In Frankfurt pauken Grundschüler Glück

Für Eltern die Idealvorstellung: Kinder verlassen freudig die Schule. In Frankfurt wird jetzt „Glück“ gelernt. Fotos: Anatols/ Panthermedia.com

Es klingt skurril und vielleicht sogar ein bisschen traurig. An zwei Frankfurter Grundschulen lernen die Kinder jetzt, wie sie glücklicher werden. Eigens dafür ausgebildete Lehrer unterrichten „Glück“. Von Oliver Haas

Region Rhein-Main – Weltweit gibt es die verrücktesten Schulfächer und Unterrichtsinhalte. In Florida lernen Schüler im Neopren-Anzug im Fach Meeresforschung „Tauchen“, australische Schüler werden in „Outdoor Education“ unterrichtet“, wie sie in der Wildnis überleben und eine deutsche Gesamtschule in Zell an der Mosel hat das Projekt „Erwachsen werden“ wie selbstverständlich im Lehrplan stehen. Können hessische Schüler bald das Fach „Glück“ zwischen Mathe, Deutsch und Physik auf den Stundenplan schreiben?
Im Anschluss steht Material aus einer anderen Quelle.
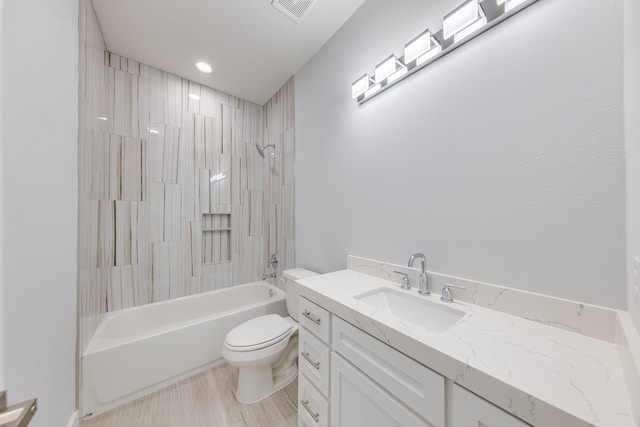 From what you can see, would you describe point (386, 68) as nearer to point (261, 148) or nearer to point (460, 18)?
point (460, 18)

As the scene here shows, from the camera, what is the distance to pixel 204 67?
2.01 meters

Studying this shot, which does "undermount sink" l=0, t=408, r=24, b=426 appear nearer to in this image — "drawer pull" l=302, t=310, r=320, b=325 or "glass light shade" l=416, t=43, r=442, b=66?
"drawer pull" l=302, t=310, r=320, b=325

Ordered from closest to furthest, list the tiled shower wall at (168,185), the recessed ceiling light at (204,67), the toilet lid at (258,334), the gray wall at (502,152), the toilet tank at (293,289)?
the gray wall at (502,152) → the toilet lid at (258,334) → the tiled shower wall at (168,185) → the toilet tank at (293,289) → the recessed ceiling light at (204,67)

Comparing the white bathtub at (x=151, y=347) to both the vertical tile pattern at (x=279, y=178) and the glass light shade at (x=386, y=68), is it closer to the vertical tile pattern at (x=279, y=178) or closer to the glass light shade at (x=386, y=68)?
the vertical tile pattern at (x=279, y=178)

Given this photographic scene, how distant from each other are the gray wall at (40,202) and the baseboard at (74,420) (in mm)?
63

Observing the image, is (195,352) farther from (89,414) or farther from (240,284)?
(240,284)

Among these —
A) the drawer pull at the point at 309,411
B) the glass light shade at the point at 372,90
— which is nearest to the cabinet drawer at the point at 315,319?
the drawer pull at the point at 309,411

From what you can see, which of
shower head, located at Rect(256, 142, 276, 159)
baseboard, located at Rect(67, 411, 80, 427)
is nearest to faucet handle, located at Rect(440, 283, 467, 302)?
baseboard, located at Rect(67, 411, 80, 427)

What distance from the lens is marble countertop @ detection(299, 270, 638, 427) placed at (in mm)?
427

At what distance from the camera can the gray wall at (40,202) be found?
67cm

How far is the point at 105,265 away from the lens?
179cm

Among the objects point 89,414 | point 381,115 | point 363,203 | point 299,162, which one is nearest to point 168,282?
point 89,414

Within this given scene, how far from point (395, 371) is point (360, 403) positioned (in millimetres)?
254

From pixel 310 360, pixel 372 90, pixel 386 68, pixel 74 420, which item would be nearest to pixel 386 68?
pixel 386 68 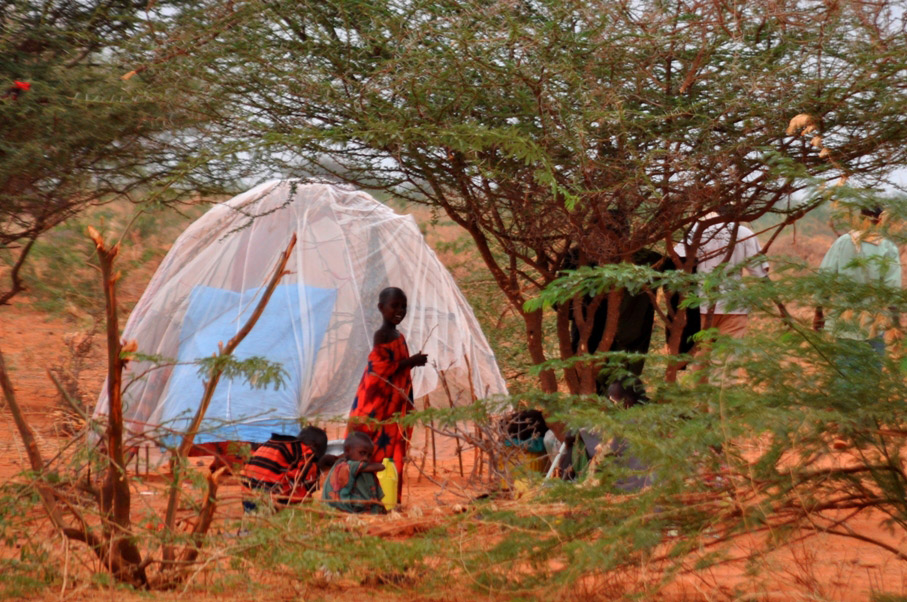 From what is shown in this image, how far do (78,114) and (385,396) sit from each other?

Denn als Pilotprojekt wird jetzt in zwei Frankfurter Grundschulen im Unterricht dieser ungewöhnliche Lehrinhalt seit Anfang des Schulhalbjahres gelehrt. Kinder werden an der Engelbert-Humperdinck-Schule sowie an der Riedhofschule ganz offiziell von dafür ausgebildeten Pädagogen unterrichtet, wie sie glücklicher werden oder es bleiben. Erfunden wurde das Konzept „Glück im Schulunterricht“ im Fritz-Schubert-Institut 2009 in Heidelberg. Auch Grundschullehrerin Angela Wanke von der Engelbert-Humperdinck-Schule wurde dort ausgebildet. Die Klassenlehrerin hat „Glück“ als Unterrichtsteil in ihren Sach- und Religionsunterricht integriert. Sie erklärt, wie eine solche Glücksunterrichts-Stunde gestaltet ist: „Es geht darum, dass Kindern gezeigt wird, wie sie ihre Stärken finden. Das ist in einer Gesellschaft, die von einer Fehlerkultur geprägt ist, natürlich ungewöhnlich. Die Schüler sollen sehen, was sie können und was sie damit im Leben erreichen wollen.“ Es gehe darum, dass das Selbstbewusstsein der Schüler gestärkt werde. „Leider vergessen Kinder nur zu oft, was sie wirklich können. Aber gerade das ist wichtig, damit auch bestimmte Visionen entstehen können. Das klingt natürlich sehr abgehoben, aber da geht es auch um Dinge wie ,mal vom Fünfer im Freibad springen´ oder ,am bellenden Hund vorbei zu laufen´. Die Kinder lernen, wie sie in Ängsten eher Herausforderungen sehen.“

Ganz praktisch werden dann im Klassenzimmer auch mal Meditationen oder Traumreisen mit Grundschülern gemacht. „Oder wir erzählen uns Geschichten und achten dabei bewusst auf die Atmung“, schildert Wanke.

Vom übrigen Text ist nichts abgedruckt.